I can't seem to search multiple libraries in WDSC 7.0. Anyone know if that was new with RDi?
Indeed, the results of the search is beautiful. The source and exact line of code is a double-click away.
The compare source tool is great as well. Although I wish I could type in the source I wanted instead of having to browse for it. (Browsing for source in WDSC/RDi is painfully slow.)
One thing WDSC (and RDi, if I recall correctly from my trial period) is that when you browse you can't see source description. I can't imagine using RDi alone to find source as a new employee at an institution that has programs with numeric names (e.g.

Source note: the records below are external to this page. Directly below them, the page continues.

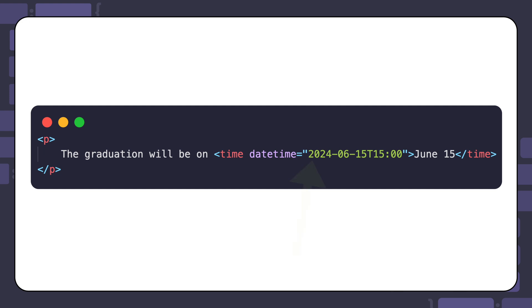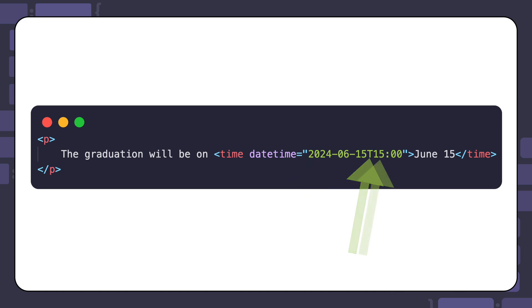The first part of that value is the year, month, and day. The capital T in the value is a separator between the date and time. The 1500 hours would be 3 p.m. in the afternoon.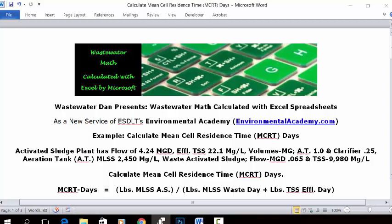Wastewater Dam presents Wastewater Math Calculated with Excel Spreadsheets, as a new service of ESDLT's Environmental Academy at environmentalacademy.com. Today's example: calculate mean cell residence time, MCRT days.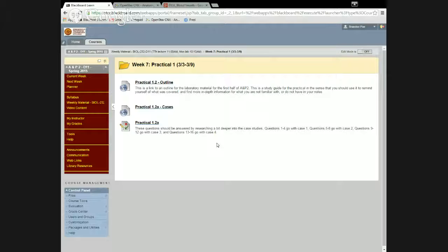We went into that document to look at the first case, which was about the autonomic system. In doing that, I modeled for you what I expect you to do when you look at cases for this course: be sure you're familiar with the terminology, make sure you can pull out any symptoms or signs described in the case, and come up with a corresponding list of the systems in the body which are affected based on those symptoms and signs.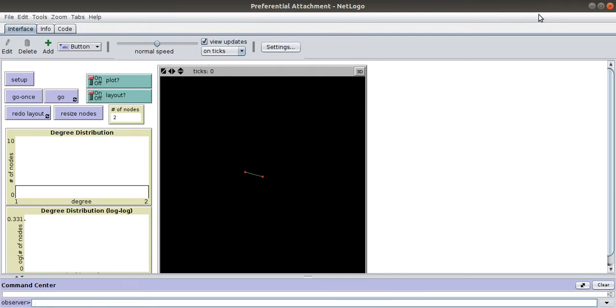Hello everyone, today I would like to explain preferential attachment in networks. What this means is if a new node is coming to a network, it has the highest probability to attach to a node with high degree.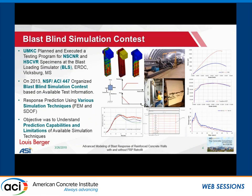What initiated this effort was a couple of years ago, a contest administered by ACI — a blast blind simulation contest. The purpose was to determine what material models used for finite element modeling, and also simplified methods like SDOF, would provide the best prediction measures for pre-testing. It was a combined effort with ACI 370 and ACI 447, based on a testing program done at the BLS simulator with guidance of Professor Ganesh at UMKC. It had two classes of concrete: normal strength and high strength, to understand the limitations and capabilities of existing modeling techniques.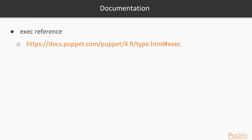Let's take a look at exec.pp once again with the cat command. We are using creates, so Puppet only executes the command if the file /tmp/file2 is missing. For further documentation about the exec resource type, please see the Puppet resource type documentation.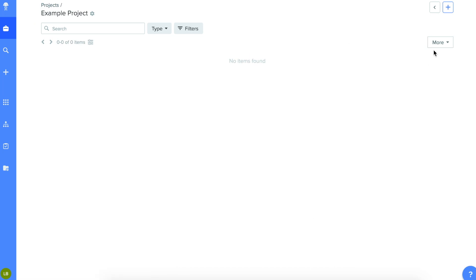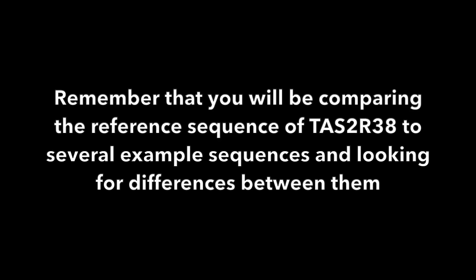Now you can begin to analyze your DNA sequences. Remember that you'll be comparing the reference sequence of TAS2R38 to several example sequences and looking for differences between them.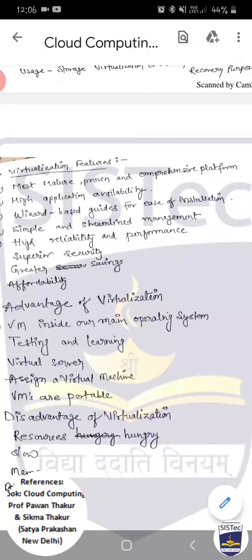These are the features of virtualization. Now we talk about the advantages. First advantage: VM inside our main operating system. We can host the guest operating system (known as VM) inside our main operating system (known as the host), sharing computing resources from our PC such as CPU and memory.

MXA00105).
I've tried to maneuver myself to use WDSCi as my PDM tool as much as I can, preparing for the day we go to 6.1 and I foolishly offer my ADTS seat away, although in my eyes it's more of a sacrifice to get the editor I want vs. an improved PDM environment.
-Kurt
-----Original Message-----
From: wdsci-l-bounces@xxxxxxxxxxxx [mailto:wdsci-l-bounces@xxxxxxxxxxxx] On Behalf Of Joe Pluta
Sent: Friday, August 28, 2009 3:54 PM
To: Websphere Development Studio Client for iSeries
Subject: Re: [WDSCI-L] justifying RDi when WDSCi 'still works'
Porterfield, Sean wrote:
From: Joe Pluta
Search featuer alone pays for the price of the tool. But that's just me.
What's the search feature you mentioned twice in this thread that's so great? Find within a source member or something else?

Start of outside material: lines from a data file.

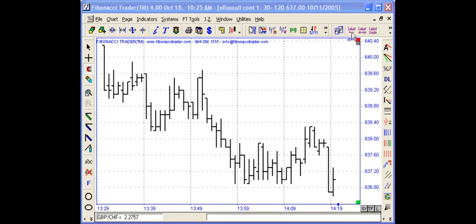What it does is it keeps track between labels, showing how many bars are between labels, the range of high to low and low to high between labels, and the date of each label.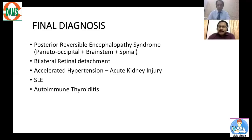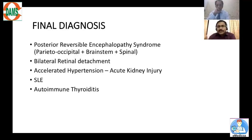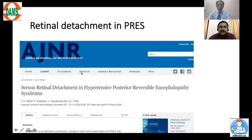The final diagnosis is posterior reversible encephalopathy syndrome — PRES — with parieto-occipital, brainstem, and spinal involvement, with bilateral retinal detachment, in the setting of accelerated hypertension, acute kidney injury, SLE, and autoimmune thyroiditis. The two main atypicalities of this case are: first, retinal detachment occurring in PRES; and second, brainstem and spinal involvement in PRES. Literature was searched to confirm this association.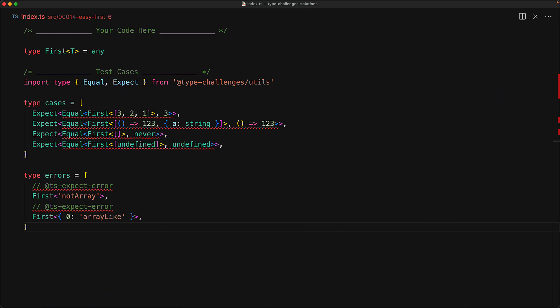Your mission, should you choose to accept it, is to take an input type t, which must be of an array type, and then return the type of the first element within that array. As an example, when given a tuple containing the members 3 to 1, we should return the literal 3.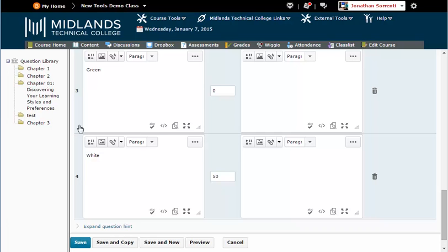If you want to create another question very similar to this one, click on the Save and Copy button. This will save this question and create another one with all of this question's information, so that you can just edit this question's information instead of retyping it.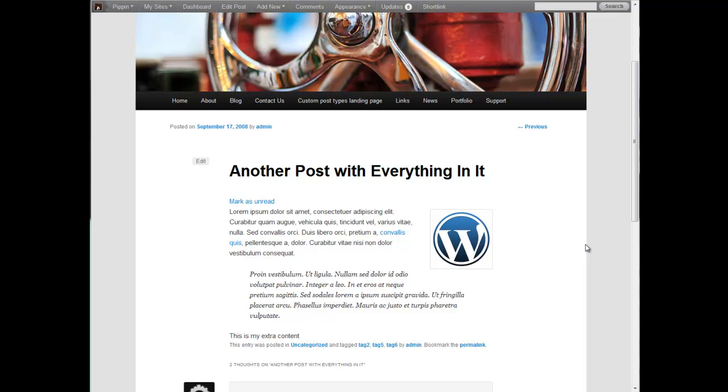Hello everyone, this is Pippin Williamson with Pippin's Pages and Pippin's Plugins.com. In this part four of writing your first WordPress plugin, I want to show you how to load a style sheet into your website through your plugin that will allow you to style the extra content that you've added with the plugin.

Search in RDi is fantastic. You can search a member, a file, or a
library, you can search multiple files across multiple libraries, you
can use wildcards, you can even create your own filters which select
arbitrary members and then scan against that. Think of it as PDM option
on ultra-steroids.
More important to me, though is the fact that it shows you ALL the
matches in a nice, succinct tree view, showing the entire matching line
so that you can easily see which matches makes sense. And then, you
simple double-click on a line and the source is opened and positioned to
that line.
For me, it saves me anywhere between five minutes and a half an hour a
day, sometimes more.
(Note: If I'm editing RPG, I'm going to use WDSCi not SEU. As for ADTS vs RDi licenses, PDM is still extremely useful for many things, and our security officer regularly uses SEU to display/print programs for auditors. She would not be happy to be forced into using a bloated PC package when SEU loads in less than a second.)
I hear this complaint over and over. I don't see it because I always
have it open. I open RDi when I reboot my PC and leave it up, sometimes
for weeks at a time. That being said, I don't consider it a tool for
system operators (or auditors). It's a programmer's tool.